I'm not a professional, but I think a matter of personal preference. The tsunami will be stiffer, but may be easier to cast, being 4' shorter. It's rated for 6oz, so it should be able to handle 4nBait.


----------



## BAYSLA-ER757 (Oct 26, 2009)

well i own 5 and 1 airwave.... i love them they r great rods... only thing i can tell u is make sure you push the top down really hard.. ive lost 2 tops 1 from my 11 and 1 from my airwave... as far as casting man there a beast i throw 6's and 8's on my all night all day great all around rod


----------



## BAYFISHER (Jul 6, 2001)

*Throwing 4-6 oz with tsunami*

Thank you very much.Your reply was like winning the lottery. I got tired a price checks between TICA,SOLARIS,TSUNAMI, and ST. CROIX. I got the Tsunami, and was concerned that if it has a slight wet noodle feel, when casting, and I load, using the cannon too, that somehow, the so called high modulus construction, will fail, and snap goes the weasel on the tip pf the rod. Mine says its rated between 2-6 ozs....will it do well if 4-5 ozs, are loaded and casted? I couldnt find the extra heavy version.:fishing:


----------



## BAYSLA-ER757 (Oct 26, 2009)

BAYFISHER said:


> Thank you very much.Your reply was like winning the lottery. I got tired a price checks between TICA,SOLARIS,TSUNAMI, and ST. CROIX. I got the Tsunami, and was concerned that if it has a slight wet noodle feel, when casting, and I load, using the cannon too, that somehow, the so called high modulus construction, will fail, and snap goes the weasel on the tip pf the rod.

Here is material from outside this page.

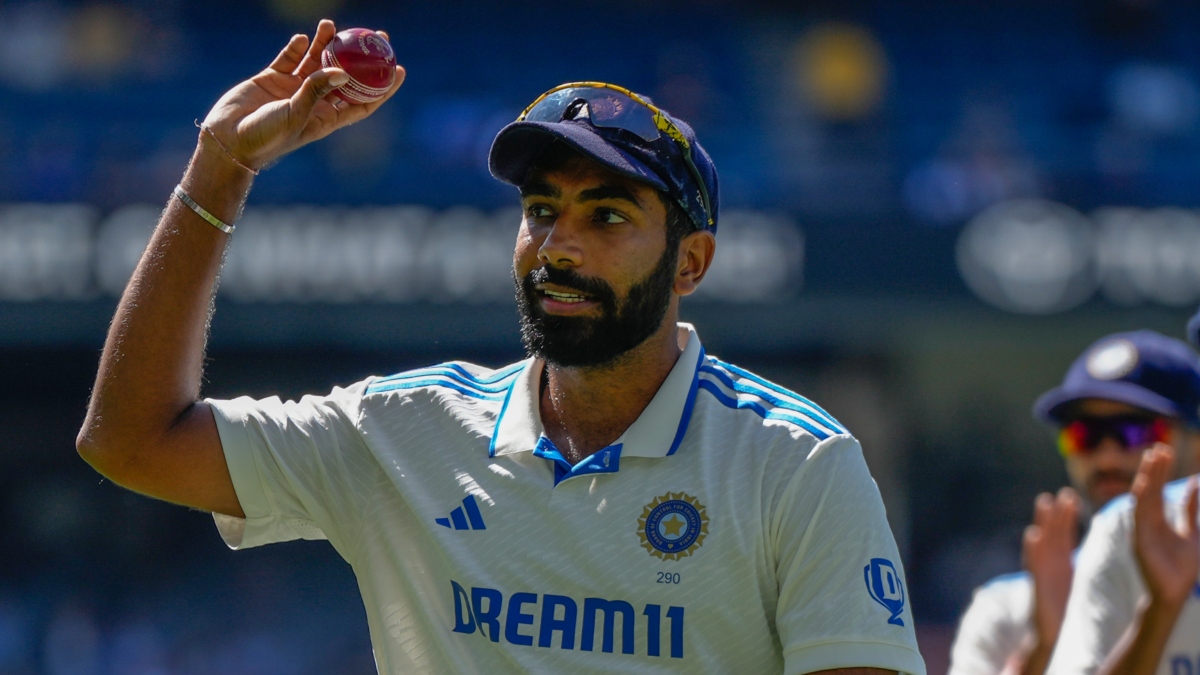 Cricket Australia announces Test Playing 11 for 2024, Bumrah becomes the captain; These players got place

Mine says its rated between 2-6 ozs....will it do well if 4-5 ozs, are loaded and casted? I couldnt find the extra heavy version.:fishing:


my 11 is a extra heavy... where did u get it from? and r u using a conv or a spinner.... my airwave is rated for 6 but i wont throw nothing more then a 5 i hate the way it feels but i have put a 8 on it just to see and it handled it pretty well dont b affraid to push the butten sometimes lol...


----------